We first talked about Wayland in late 2008 when the project was still in its infancy by Kristian Høgsberg. Wayland is still very much a side-project of Kristian's that just receives commits every once in a while and has yet to gain any widespread adoption, but it still possesses a lot of progress. Wayland can run dual nested X.Org Servers within it, now runs off Mesa rather than Eagle EGL, supports the KMS page-flipping ioctl, a DRI2 driver is being worked on, and much more. However, it doesn't do too much yet for the end-user, but that should change once the GTK, Qt, or Clutter tool-kits is properly supported within Wayland. Right now there's just a basic terminal and a few demo applications that can run within this display server that leverages kernel mode-setting.
As briefly detailed in this Launchpad Blueprint specification, the Ubuntu X.Org teams wants to make it easier to test the Wayland Display Server within the Ubuntu 10.10 release. Ubuntu developers want to go as far as providing a Wayland Display Server package within their universe repository. However, to get Wayland running atop an Ubuntu installation currently requires a few steps.
The barrier to try out the Wayland Display Server is not nearly as great as it was back in 2008 or even last year as more of the changes need to handle Wayland are merged into their mainline code repositories. When last toying with Wayland on Ubuntu 10.04 LTS a few weeks it ago, it required a branched version of Mesa, an updated version of Cairo built with the DRM back-end, and a few development packages from the Ubuntu repositories.

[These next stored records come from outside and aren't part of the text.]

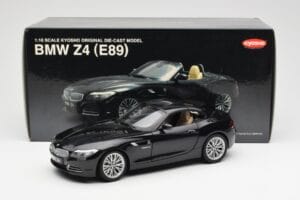 BMW Z4 E89 Spider Black Metallic Kyosho 1:18 08771BK Diecast - image 9 of 9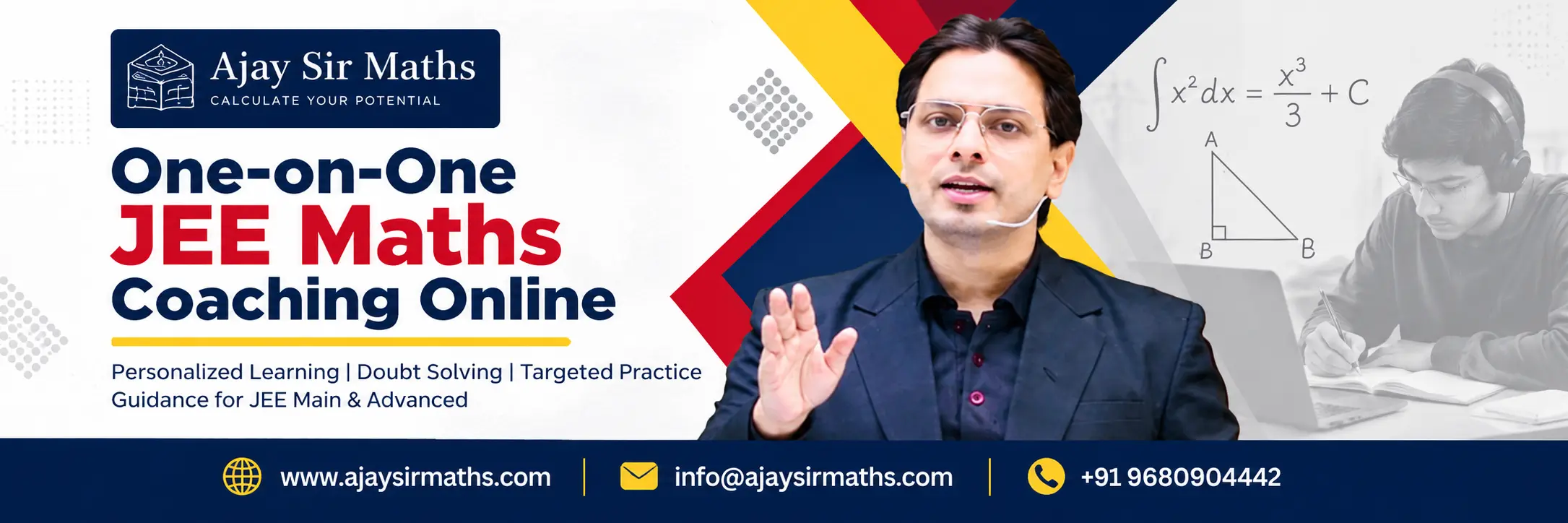How Our One-on-One JEE Maths Coaching Online Works
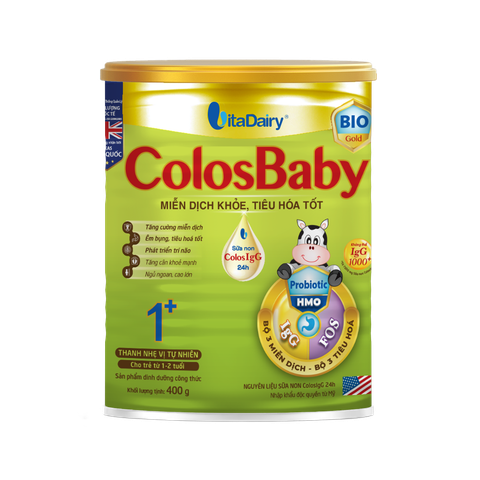 Sữa bột ColosBaby Bio Gold 1 + 400g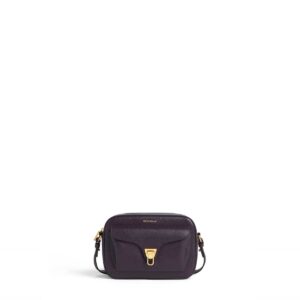 COCCINELLE – Beat Soft Small – Prune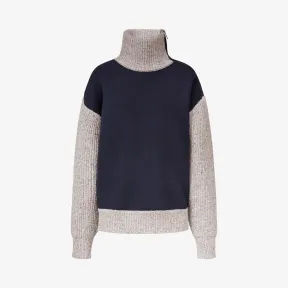 纪梵希/Givenchy 女士 高领拉链套头衫 BW90284Z2F-406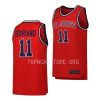 joel soriano st. john's red storm replica basketball red jersey scaled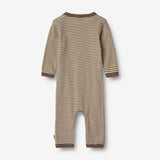 Wheat Main Uld Heldragt Haven Jumpsuit 9578 wood stripe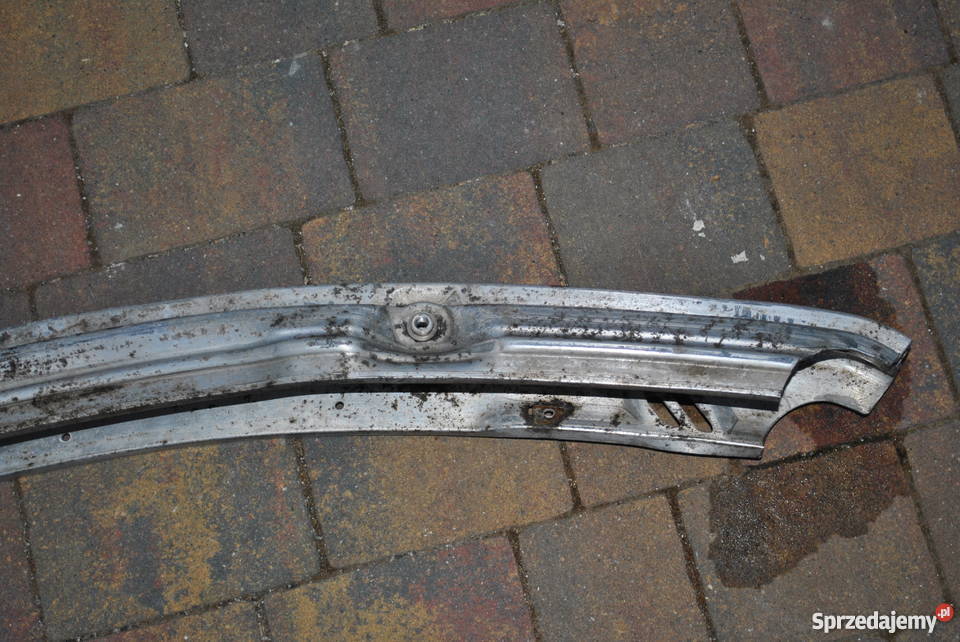 Wspornik zderzaka przedni wzmocnienie BMW E46 Poręba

Fortunately the biggest piece of the puzzle, the kernel mode-setting support for the different graphics hardware, is mainlined for ATI, Intel, and NVIDIA (through Nouveau) GPUs with the Linux kernel and those pieces are enabled by default in Ubuntu 10.04 LTS. However, Wayland will not work with the NVIDIA or ATI/AMD proprietary Linux drivers as they do not support kernel mode-setting. There has some talk about making Wayland dependent upon OpenWF rather than the Linux kernel mode-setting interface directly, but that hasn't materialized.
We'll see where Wayland gets by the time Ubuntu 10.10 is due out in October.